I've just come back from a short break, 5 days, in a fabulous area. There is water everywhere in Christchurch, fresh, salt and in-between, with the Stour, the Avon, the estuaries, harbour ands sea, but I was there on a holiday from fishing rather than a fishing holiday. I'd packed one rod, one reel, a few floats and two liquidised loaves, and I was hoping to snatch a couple of hours and catch a mullet, a fish I'd never seen, much less caught.
At the same time, it was interesting to spend a few days nosing around a small corner of the country with so many angling landmarks crowded together, like Throop, the Royalty and Christchurch harbour. We were pretty well-placed for the Stour, 50 yards from a picturesque length. Anyone fishing there that I chatted to spoke of lean pickings with scarcely a barbel caught, so I kept my mouth shut, mostly, about the difficulty of avoiding them on some of the water I fish. I was shocked to see the intimacy, comfort and accessibility of some of these legendary waters.

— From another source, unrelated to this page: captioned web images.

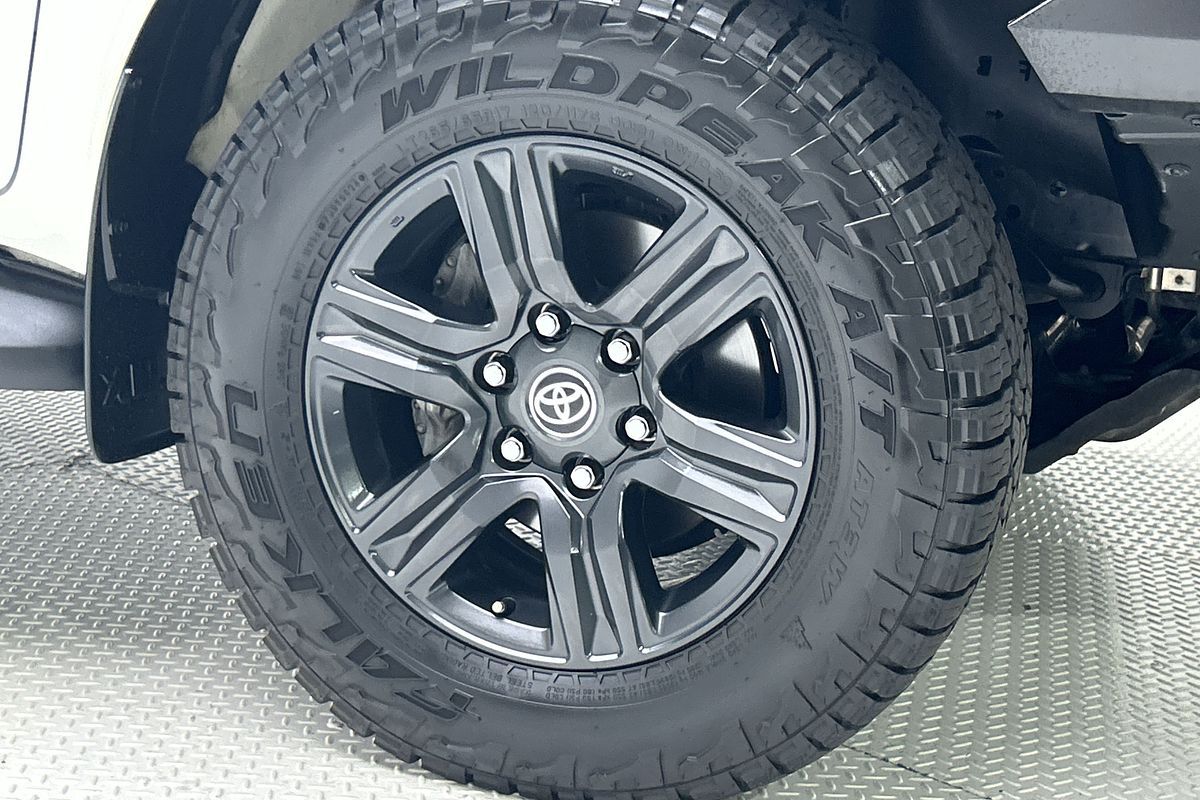 2024 Toyota Hilux SR GUN126R 4X4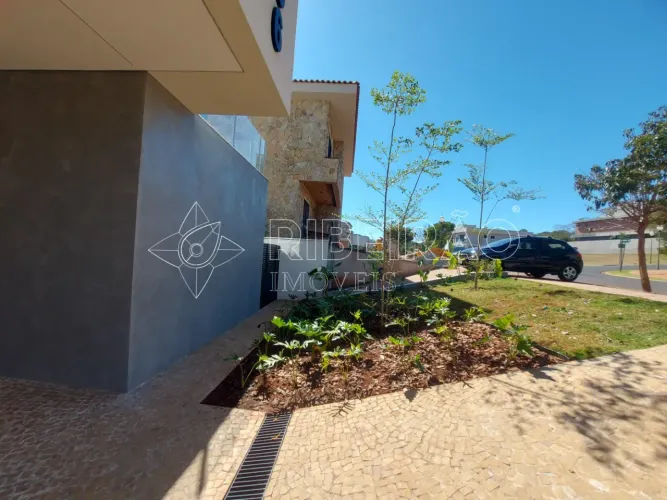 Casa Condomínio com 3 Suítes e lazer para venda no bairro Vila do Golf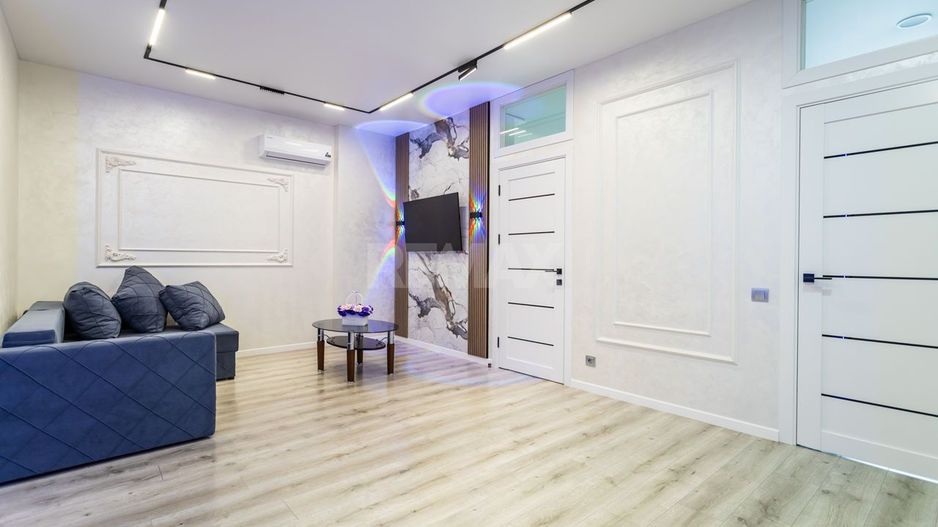 Se oferă în chire apartament cu 2 camere și living, 96 mp, Inamstro, Centru (str. Avram Iancu) - Poză 6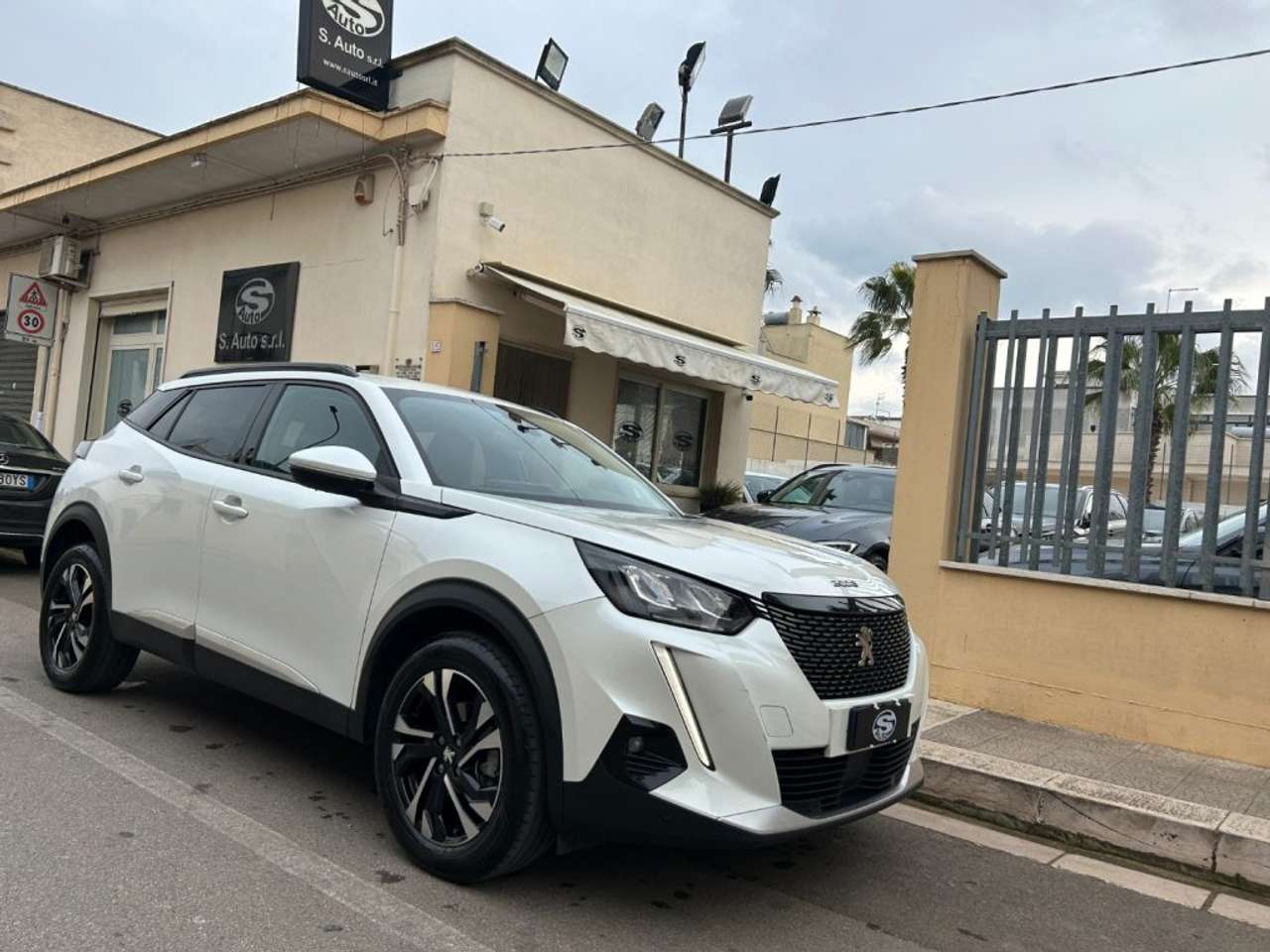 Peugeot 2008 1.5BlueHDi 100 Allure Pack *Coockpit*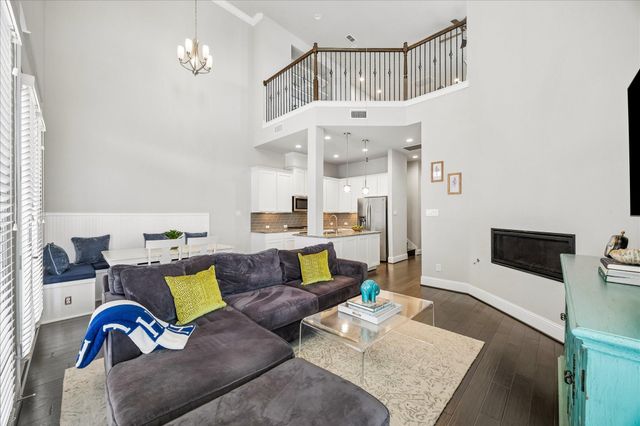 1702 Oak Leaf Pass Drive, Houston, TX 77055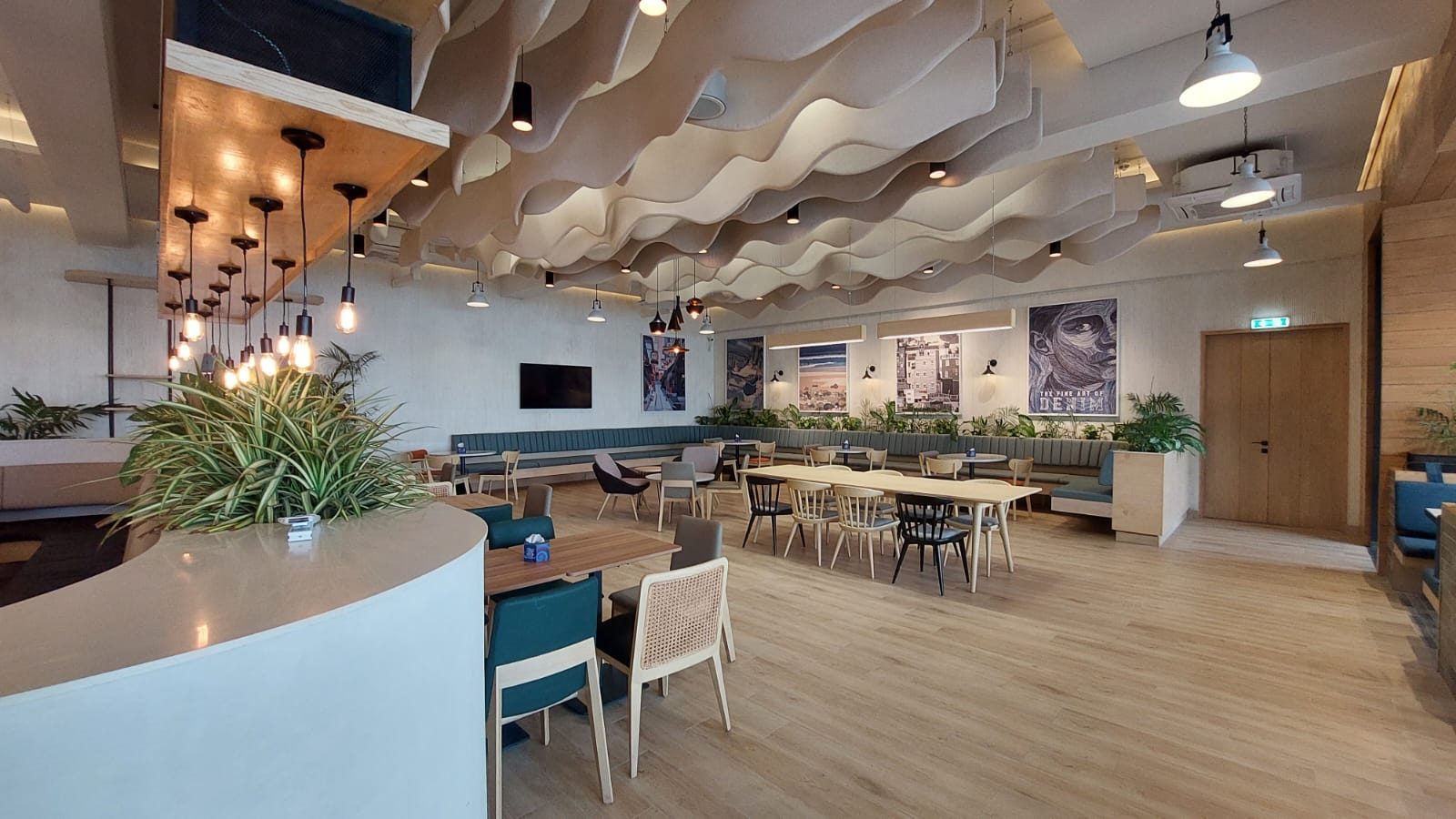 AM4B — Artistic Milliners Head Office Cafe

This dude is fishing the Bridge Pool at the lower end of the Royalty, ensconsed in a punt. Just beyond the manicured lawn of the bank, the ruins of a Norman manor house and the beautiful white-stone Priory. We stood on the bridge looking upstream and watch two giant chub lying sideways to graze on the the stone walls of the bank.
I'd imagined nipping out for an hour or so every day in pursuit of a mullet, but with day tickets for estuary and harbour coming in at £11.25 a time, I had to re-think that idea. First time I tried, the man in the TS directed me to a section where it took a long walk to find a space where there was a break in the long chain of boats roped together. That wasn't really what I was looking for, and I didn't see a mullet of get a bite on my bread fished at various depths. The second time out. I followed advice to try the Quay. No long walks, and as pretty and easy to access as a park lake. But the huge amount of swans, ducks, gulls and people brushing past your elbow made it a bit of a headache to fish with bread, and together with that I missed the better stage of the tide.
I'd given up on the mullet when, on the last morning, with the car packed, we stopped for a coffee and a walk along the harbour. There was a guy fishing - float rod, crystal waggler, breadflake - and I stopped and told him my story. Just then a group of mullet swam into view. He gave me his rod, and said, Go on, catch one of these. So I did. It was one of the smaller ones, but took some line off the drag (4lb straight through) and it put a nice little end to the holiday.
I guess it was fairly typical of efforts, or at least my efforts, to catch fish in new, distant places. By the time you've worked out where to go, where not to go, what to do and what not to do, it's time to go home. Still, I can imagine going back again, a little bit wiser.